Business

Entrepreneur calls on govt to investigate activities of ‘fake’ investors conniving with lawyers, banks to milk Ghana’s Agric sector dry

 

A social entrepreneur deeply involved in Ghana’s Agricultural sector, and has suffered unjustifiably in the hands of institutions and people manning Ghana’s Agricultural value chain, has decided to put the issues into proper perspectives for government action.

He says, indigenous lawyers, and local banks, are constantly conniving insidiously to milk the country’s Agricultural sector dry, hence the weak performance of Agriculture in the country.

In short, Issa Ouedraogo, the founder of B-BOVID , who has gone through hell in the hands of the aforementioned in the last 17 years, claims, until the Government of Ghana identifies these abnormalities silently creating an avoidable lacuna along the value chain of the Agricultural sector, and stem the tide, nothing significant would be achieved whilst the pockets of individuals fronting for fake foreign investors as lawyers, and banks would continue to get full.

These irresponsible local banks, he stressed would continue to whitewash the surface of the fiscal policy regime and beneath their activities, they would continue to connive with fake foreign investors to shortchange the country in various ways.

Addressing participants at Ghana social enterprise forum organized on Friday at the British Council under the theme: ‘Partnerships for sustainable development: social enterprises as catalysts for inclusive growth in Ghana,’ an angry Issa Ouedraogo, who has had terrible experiences and practical issues with all the aforementioned in the last 17 years, while dealing with them, pointed out that foreign direct investment into Ghana’s Agricultural sector appears good in the books, but lacks clarity, conformity, and integrity.

He cited his personal engagement with one French organization which came into the country as social impact investors and cunningly took over the company he personally struggled to birth in the last two decades with his sweat and toil without the support of any government institution.
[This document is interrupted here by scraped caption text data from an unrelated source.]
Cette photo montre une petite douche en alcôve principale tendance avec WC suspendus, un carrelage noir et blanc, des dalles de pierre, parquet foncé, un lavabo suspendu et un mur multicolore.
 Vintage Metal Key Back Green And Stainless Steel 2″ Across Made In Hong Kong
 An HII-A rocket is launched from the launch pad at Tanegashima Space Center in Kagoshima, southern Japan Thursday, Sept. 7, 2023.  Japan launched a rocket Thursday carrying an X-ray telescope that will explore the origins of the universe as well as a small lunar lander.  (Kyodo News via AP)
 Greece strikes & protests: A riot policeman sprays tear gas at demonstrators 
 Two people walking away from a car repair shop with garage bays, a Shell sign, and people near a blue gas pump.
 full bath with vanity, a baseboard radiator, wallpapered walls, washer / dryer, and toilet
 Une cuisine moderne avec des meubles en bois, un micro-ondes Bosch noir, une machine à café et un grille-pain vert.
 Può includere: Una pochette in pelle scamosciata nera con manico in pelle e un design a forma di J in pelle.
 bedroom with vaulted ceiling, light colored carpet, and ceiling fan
He said the government must consider investigating the modus operandi of some of these firms to ascertain if indeed these companies are decent enough and do not hold Ghana sway in its underhand dealings with local and foreign partners.

He again cited two banks, one for fraudulently engaging in unprofessional conduct to assist investors to cheat, and milk the Agricultural sector dry.

He said they denied him and others value for the interest-free facility acquired.

In the case of one of the banks, he said he negotiated with a bank in Sudan for an interest-free facility which had to pass through them but eventually the loan was given to him by the bank at a cutthroat interest rate on the blind side of the central government.

This issue, he said must not be swept under carpet, and the government must cause a serious investigation into some of these issues.

He said the said bank fabricated a very bad story about him, defamed him completely before many dignitaries in this country, and published falsehoods about his company nationally and internationally.

For another bank, he claimed the Bank unprofessionally got misguided to engage in illegal tampering of accounts, and approval of transactions at his blind side with an account he jointly owned with another company.

In his quest to promote peri-urban farming, the social enterprise entrepreneur, initiated in 2012 the Ghana Peri-urban Vegetables Value Chain Project (GPVVCP), which is a subsidiary project under GCAP being funded by a grant of US$2.85 million from the Japan Social Development Fund (JSDF) through a Trust Fund Arrangement with the World Bank.

Unfortunately, his company was eliminated at the implementation stage in 2017 with an excuse that the company never showed interest.

The project is being implemented by the Ministry of Food and Agriculture.

In his attempt to fight for justice in the law courts as he exposed the double standard of a company pretending to engage in social entrepreneurship which culminated in the partnership with his company B-BOVID, he said Ghanaian lawyers working in the cover of darkness for monetization of justice, then jumped to the defence of the said company obviously sending a wrong signal out there that the justice system of the country was for the highest bidder where crooks could manoeuvre and manipulate their way through, once they had money.

All these negative developments, he underscored, would continue to work impervious against the Agricultural sector and ultimately the national economy.

It would further move mountains to exacerbate the worsening growing phenomenon of unemployment in the country, constantly ringing profusely into the ears of entrepreneurs, political leaders, and government officials.

He, therefore, cautioned all stakeholders working in the Agricultural industry to guard against entertaining diatribes, selfishness, excessive greed, and ignorantly promoting fake investors who clandestinely might be conspiring with desperate lawyers to milk the Agricultural sector dry.

He advised the central government to create an opportunity for all the above-mentioned issues to be investigated to save the country from sinking further under the guise of foreign direct investment.